Srs Bsns: Will Oracle’s Proposed Partnership With TikTok Succeed In Addressing Security Concerns Or Save It From A Ban?

Earlier this summer, news of TikTok facing potential bans around the globe was just beginning to heat up. As both the controversy and summer continued to simmer over the last couple of months, it seemed like the Chinese-owned app was doomed to face the banhammer in the U.S.

But just as President Donald Trump’s executive order that TikTok be sold to a U.S. company was nearing its 45-day deadline this week, it appeared that Oracle would swoop down at the final moment to rescue it from the jaws of defeat.

Following the news of Microsoft’s failed attempt to acquire TikTok, which was in the works for several weeks, Oracle emerged almost out of thin air to announce its partnership with the video-sharing application over the weekend. The murkiness surrounding both Microsoft’s flop and Oracle’s sudden win have left many bamboozled, as the exact reasons for each are largely vague, especially considering that the “partnership” isn’t really a “sale” as defined by the executive order.

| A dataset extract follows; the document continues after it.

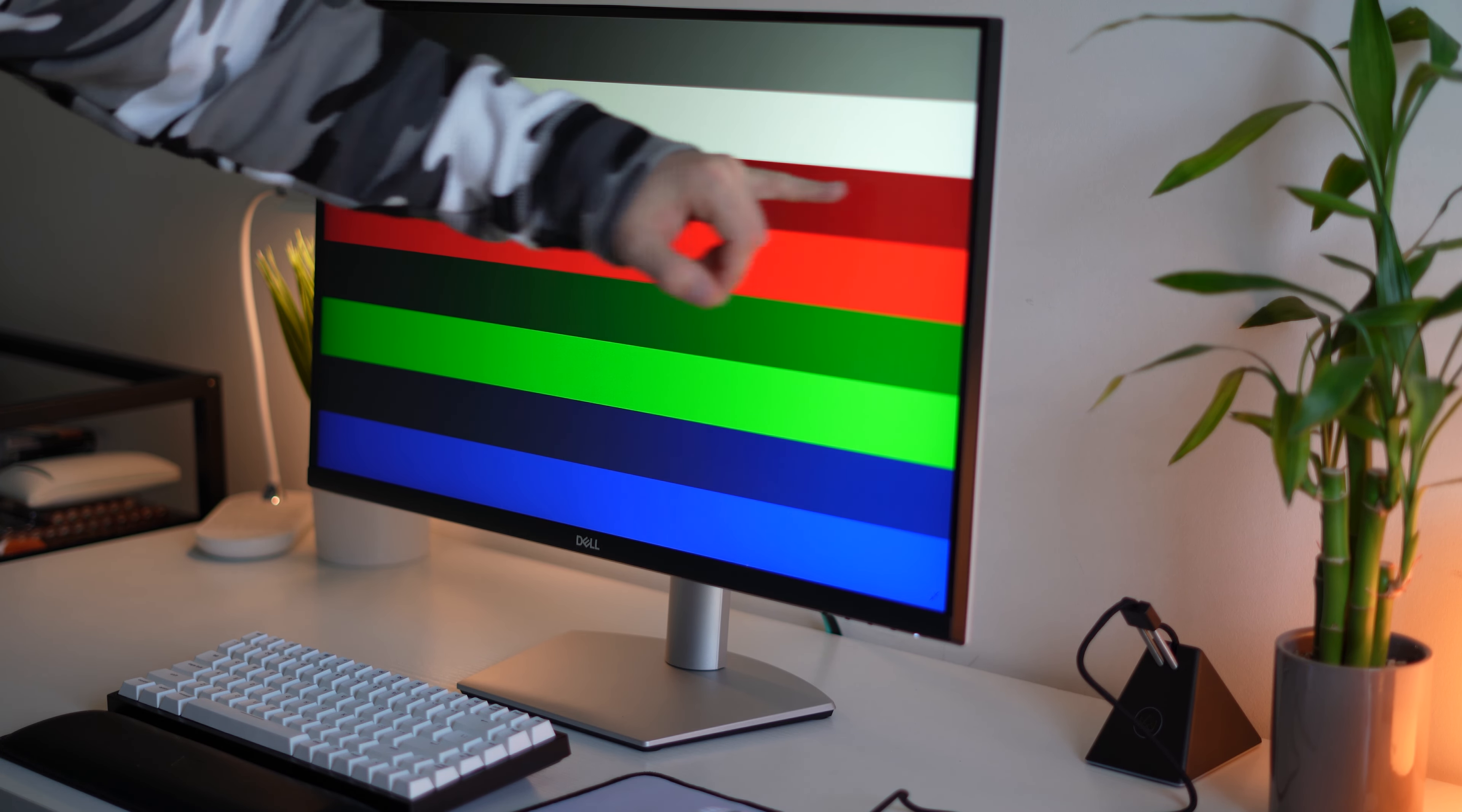All right, moving on and continuing with productivity, picture in picture and picture by picture. If you're one of those people that uses this a lot to hook up multiple computers or a console and a computer or whatever, this has it and it's very easy to navigate to. In the menu system, you have a bunch of different kind of presets of where the picture in picture or picture by picture is going to go. So that is nice.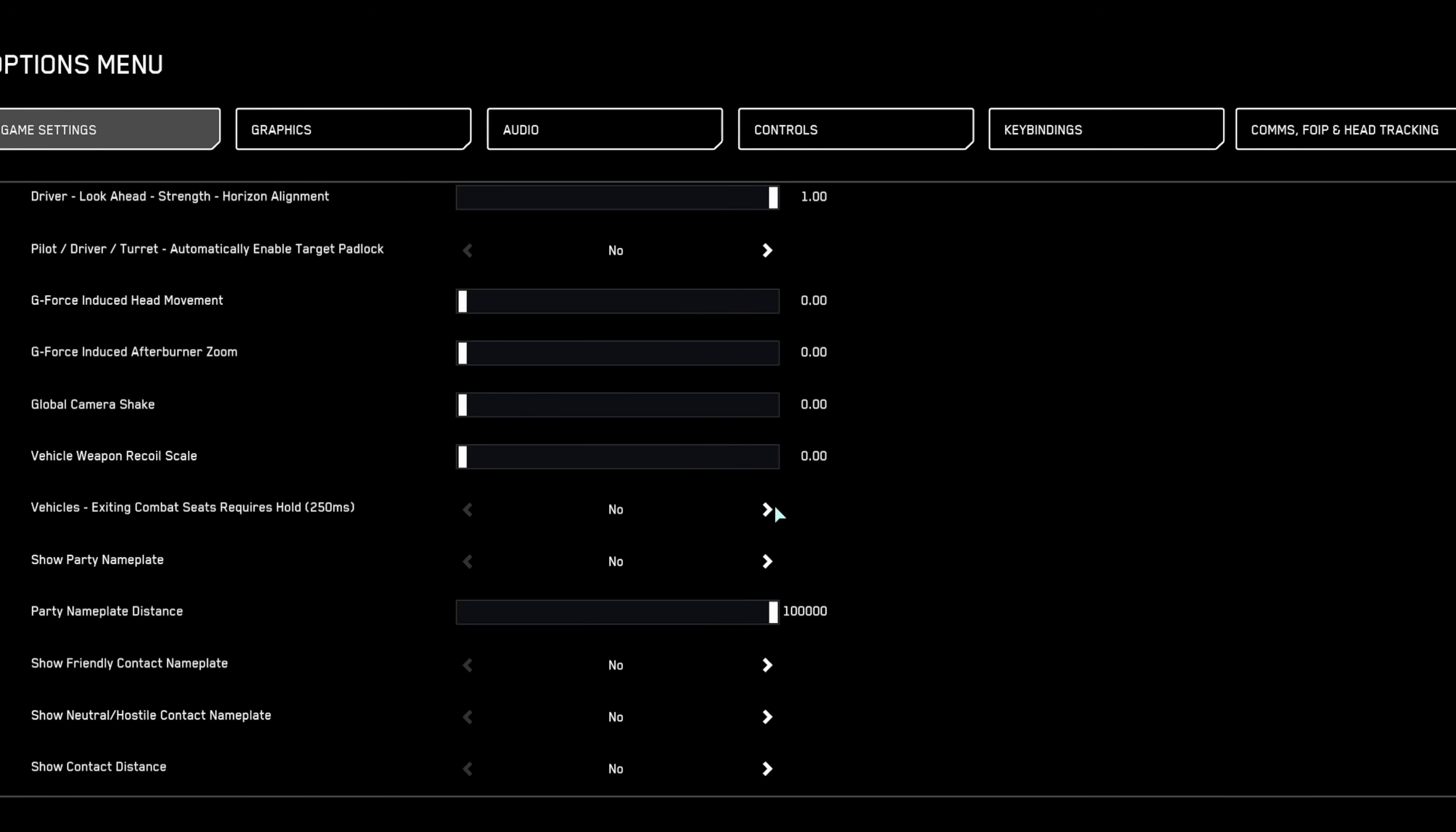Keep hold to exit vehicle active to prevent accidentally exiting your ship, and enable show party names for easier coordination and team visibility.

To add further concern, Oracle co-founder and executive chairman Larry Ellison’s personal relationship with the president has been another major point of contention surrounding this unexpected deal. According to Business Insider earlier this year, Ellison held a fundraiser for Trump at his private estate in California, leading many to suggest that the Oracle-TikTok partnership might involve some troubling favoritism.

Regardless of this, the news of TikTok’s U.S. ban appeared to reach a final conclusion this week. Under the vague partnership, Oracle’s “trusted tech partner” status is quite unclear compared to Microsoft’s bid, which would’ve “made significant changes to ensure the service met the highest standards for security, privacy, online safety, and combatting misinformation,” according to the company’s statement.

As far as anyone knows so far, the partnership between Oracle and TikTok’s U.S. operation will see Oracle as a sort of “babysitter,” similar to TikTok’s operations in countries like Korea and Nigeria. This means that operations in the U.S. will face oversight by Oracle, who would take over hosting, but control of the highly contested source code remains under the thumb of TikTok … and thus, China. Not only would this partnership fail to address the most legitimate concerns about TikTok’s operations regarding American citizens, but it would also “demonstrate that this exercise was pure grift,” according to former Facebook security chief Alex Stamos.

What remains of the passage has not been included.